J’ai eu l’impression de lire dans le Monde de ce soir quelques lignes que je lis habituellement dans mes autres lectures quotidiennes. Stéphane Lauer, dans une chronique économique de dernière page (aux côtés de l’éditorial) traitait des problèmes internes rencontrés par le président de Danone, Emmanuel Faber, mais surtout par les salariés des sièges sociaux (un quart va perdre son emploi).

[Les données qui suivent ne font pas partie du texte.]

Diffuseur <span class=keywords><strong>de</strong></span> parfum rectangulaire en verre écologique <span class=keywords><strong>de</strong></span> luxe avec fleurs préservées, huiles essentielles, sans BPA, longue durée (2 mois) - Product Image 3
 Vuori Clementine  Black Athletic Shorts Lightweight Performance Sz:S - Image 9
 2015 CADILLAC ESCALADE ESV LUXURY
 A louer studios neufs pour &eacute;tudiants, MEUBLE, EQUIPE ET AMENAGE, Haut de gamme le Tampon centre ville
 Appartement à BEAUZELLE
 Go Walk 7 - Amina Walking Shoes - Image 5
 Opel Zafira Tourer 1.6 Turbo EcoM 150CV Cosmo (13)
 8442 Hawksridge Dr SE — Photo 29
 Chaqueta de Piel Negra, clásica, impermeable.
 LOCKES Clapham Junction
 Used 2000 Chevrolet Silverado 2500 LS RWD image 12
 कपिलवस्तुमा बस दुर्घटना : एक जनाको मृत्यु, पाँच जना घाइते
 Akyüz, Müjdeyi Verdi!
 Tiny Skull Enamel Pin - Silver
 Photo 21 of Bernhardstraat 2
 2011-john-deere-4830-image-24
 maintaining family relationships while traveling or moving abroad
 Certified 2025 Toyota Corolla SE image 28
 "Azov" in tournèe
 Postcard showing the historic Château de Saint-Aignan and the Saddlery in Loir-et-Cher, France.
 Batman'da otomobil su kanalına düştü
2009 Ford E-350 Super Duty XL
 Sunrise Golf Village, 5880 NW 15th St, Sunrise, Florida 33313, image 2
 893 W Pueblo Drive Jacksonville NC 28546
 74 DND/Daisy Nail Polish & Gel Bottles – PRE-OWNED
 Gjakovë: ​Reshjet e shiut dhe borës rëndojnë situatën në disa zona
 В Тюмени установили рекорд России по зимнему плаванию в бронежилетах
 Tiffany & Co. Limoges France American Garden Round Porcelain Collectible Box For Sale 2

Le chroniqueur s’est ému qu’une entreprise qui se porte plutôt très bien (elle a versé 1,4 milliard d’euros de dividendes au titre des bénéfices 2019 et réalisé un bénéfice d’1 milliard au premier semestre de 2020, dégageant une marge de 14 %) puisse supprimer autant d’emplois. Il écrit :
« En réalité, le dilemme auquel l’entreprise fait face aujourd’hui pose la question du niveau de la rémunération du capital, qui devient de moins en soutenable sur le plan social et écologique. Ces rendements mirifiques qui sont devenus la norme à partir des années 1980 ont fini par aboutir à une déformation spectaculaire du partage de la valeur au détriment des salaires. Logiquement, les rémunérations auraient dû progresser au même rythme que la productivité du travail. Or, depuis 1990, celle-ci a fait un bond de 50 % dans les pays de l’OCDE, alors que les salaires n’augmentaient que de 23 %. Bien sûr le phénomène a été caricatural aux Etats-Unis, moins sensible en France. Mais le mécanisme reste le même. Pour que les entreprises puissent continuer à servir à leurs actionnaires les rendements exigés, il a fallu comprimer la part accordée aux salariés grâce à la flexibilisation du marché du travail, à la libéralisation à outrance des échanges, à la délocalisation de la production dans des pays à faible coût. La contrepartie s’est traduite, dans les pays développés, par une baisse du pouvoir d’achat, la disparition des emplois intermédiaires. Partout on assiste à la montée des inégalités. »
Ce qui est en train de se passer chez Danone n’est pas une révélation, c’est ce qui se passe chaque jour dans de nombreuses entreprises. C’est tout simplement la loi du capitalisme sans retenue d’aujourd’hui. A son paroxysme avec Emmanuel Macron. Le Monde a des réveils fulgurants.
Mais là s’arrête la révolte des journalistes du Monde ; changer de système ? Niel, Pigasse et Kretinsky, les principaux actionnaires n’accepteraient pas de le voir écrit dans leur quotidien.
Pourquoi donc ont-ils investi dans le Monde, chers collègues?